CD79b is a B-cell specific surface protein, which is a component of the B-cell receptor. POLIVY® is a CD79b-directed Antibody-Drug Conjugate (ADC) with activity against dividing B cells. It consists of three components: 1) the humanized ImmunoGlobulin G1 (IgG1) monoclonal antibody specific for human CD79b; 2) the small molecule anti-mitotic agent MMAE (monomethyl auristatin E) and 3) a protease-cleavable linker that covalently attaches MMAE to the Polatuzumab antibody. Upon binding to CD79b, POLIVY® is internalized, and the linker is cleaved by lysosomal proteases thus enabling intracellular delivery of MMAE. MMAE then binds to microtubules and kills dividing cells by inhibiting cell division and inducing apoptosis.

The present FDA approval was based on an open-label, randomized, multicenter, Phase II clinical trial (Study GO29365) which included a cohort of 80 transplant-ineligible patients with Relapsed or Refractory DLBCL. Patients who had received at least one prior regimen were randomized (1:1) to receive either POLIVY® in combination with Bendamustine and RITUXAN® (Rituximab) or GAZYVA® (Obinutuzumab) – (P+BR) or BR alone, every 21 days for up to 6 cycles. RITUXAN® or GAZYVA® were administered on day 1 of each cycle at 375 mg/m2 intravenously IV or 1000 mg IV respectively, POLIVY® 1.8 mg/kg IV, was given on day 2 of cycle 1 and on day 1 of subsequent cycles and Bendamustine 90 mg/m2 IV was administered on days 2 and 3 of cycle 1 and on days 1 and 2 of subsequent cycles. The median age was 68 years.

The Primary aim of this study was to assess the efficacy of P+BR versus BR at end of treatment, by an Independent Review Committee (IRC).

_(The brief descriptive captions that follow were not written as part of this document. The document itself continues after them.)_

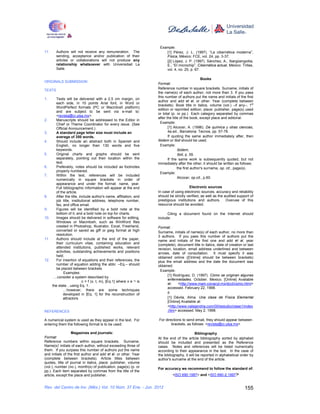 Example:
11.     Authors will not receive any remuneration. The                [1] Pérez, J. L. (1997). “La cibernética moderna”,
        sending, acceptance and/or publication of their               Física, México: FCE, vol. 24, pp. 3-37.
        articles or collaborations will not produce any               [2] López, J. P. (1997). Sánchez, A., Ibargüengoitia,
        relationship whatsoever with Universidad La                   E., “El microchip”, Cibernética actual, México: Trillas,
        Salle.                                                        vol. 4, no. 25, p. 67.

Responses were assessed using the modified Lugano Classification, and Complete Response (CR) required Positron Emission Tomography (PET) negativity and negative bone marrow biopsy, if positive or unknown at the time of screening. Other end points included Duration of Response (DoR), Progression Free Survival (PFS) and Overall Survival (OS). Efficacy was also evaluated based on Cell of Origin – Activated B-cell-like (ABC), Germinal B-cell-like (GCB), as well as MYC/BCL2 double expression. The median follow up for this cohort of patients was 22.3 months.

The combination of POLIVY® plus BR (P+BR) showed significantly higher PET-CR rates vs BR alone (40% vs 18%; P=0.026). The Objective Response Rate (ORR) was 45% vs 18% with a significantly longer DoR of 10.3 months vs 4.1 months (HR=0.44; P=0.032), favoring P+BR regimen. Among those who achieved Partial or Complete Response to P+BR, 64% had response durations of at least six months and 48% had response durations of at least 12 months. The PFS was 7.6 months vs 2 months (HR=0.34; P<0.0001) and OS was 12.4 months vs 4.7 months (HR=0.42; P=0.0023), all favoring P+BR over BR. For ABC patients the median PFS with P+BR was 10.5 months vs 2.5 months for BR and the median OS was 13.9 vs 4.3 months, respectively. For GCB patients, median PFS with P+BR was 4.7 vs 1.5 months for BR and the median OS was 9.3 vs 3.2 months, respectively. Among those with MYC/BCL2 Double Expression, the median PFS was 7.0 months vs 0.7 months with P+BR, and median OS was 12.9 vs 3.8 months compared to BR. For non-Double Expression group of patients, the median PFS was 6.3 months vs 2.5 months and median OS was 10.5 vs 3.8 months with P+BR vs BR, respectively.

It was concluded that a combination of POLIVY® given along with Bendamustine and RITUXAN® or GAZYVA® provides a promising treatment option for Relapsed/Refractory DLBCL patients who are transplant ineligible, with durables responses in some patients of over 20 months and median OS surpassing 12 months. Polatuzumab vedotin (Pola) plus bendamustine (B) with rituximab (R) or obinutuzumab (G) in relapsed/refractory (R/R) diffuse large B-cell lymphoma (DLBCL): updated results of a phase (Ph) Ib/II study. Sehn LH, Herrera AF, Matasar MJ, et al. Blood. 2018;132:1683.